Introduction

The Hudson River is one of the major watercourses of the United States East Coast. It originates on the slopes of Mt. Marcy in the Adirondack Mountains, extending nearly 600 km to New York City. Over this distance the Hudson's character changes dramatically, starting as a mountain stream, descending to become a lowland river, and then turning into a peculiar tidal river, slowly increasing in salinity to become an estuary, and finally joining the ocean as a complex network of tidal channels and bays bisecting the New York metropolitan area. These different environments are shaped by the interplay of a variety of physical processes with one element in common: the river flow. Runoff from the hillslopes coalesces to form the lakes and streams in the Adirondack highlands. The action of gravity on the accumulating water provides the driving force for this flow through the upper Hudson valley.

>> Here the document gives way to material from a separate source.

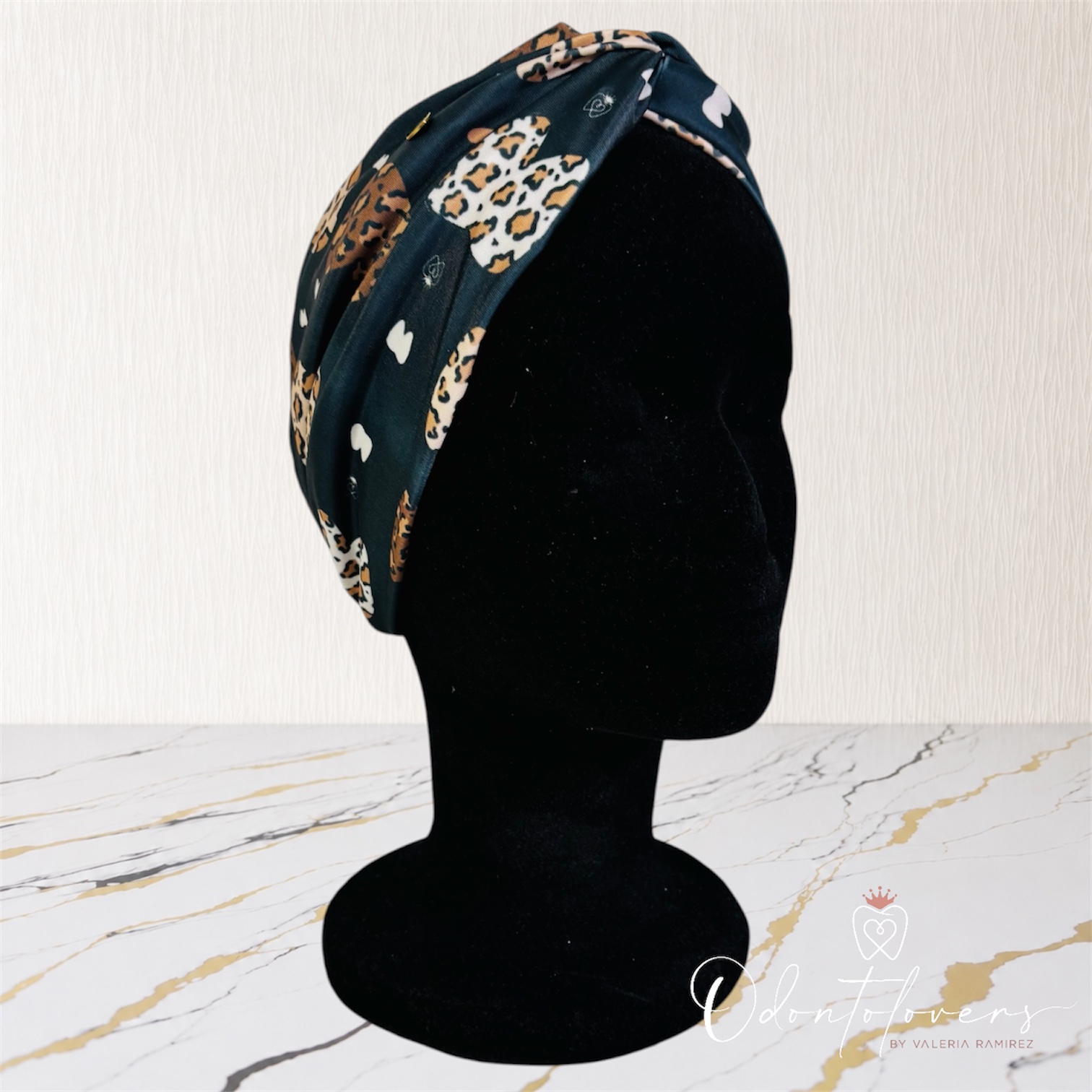 Turbante premium dental print negro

South of Albany, the motion of the river becomes complicated by the influence of tides, which can be witnessed a remarkable 250 km from the sea. Although the tidal river flows both north and south, the net southerly river flow persists and provides the freshwater input that creates the Hudson estuary. This freshwater source is a dominant contributor to the physical regime of the estuary and harbor, as it controls the salinity structure, the vertical stratification, and the exchange of properties between the estuary, the ocean, and the atmosphere.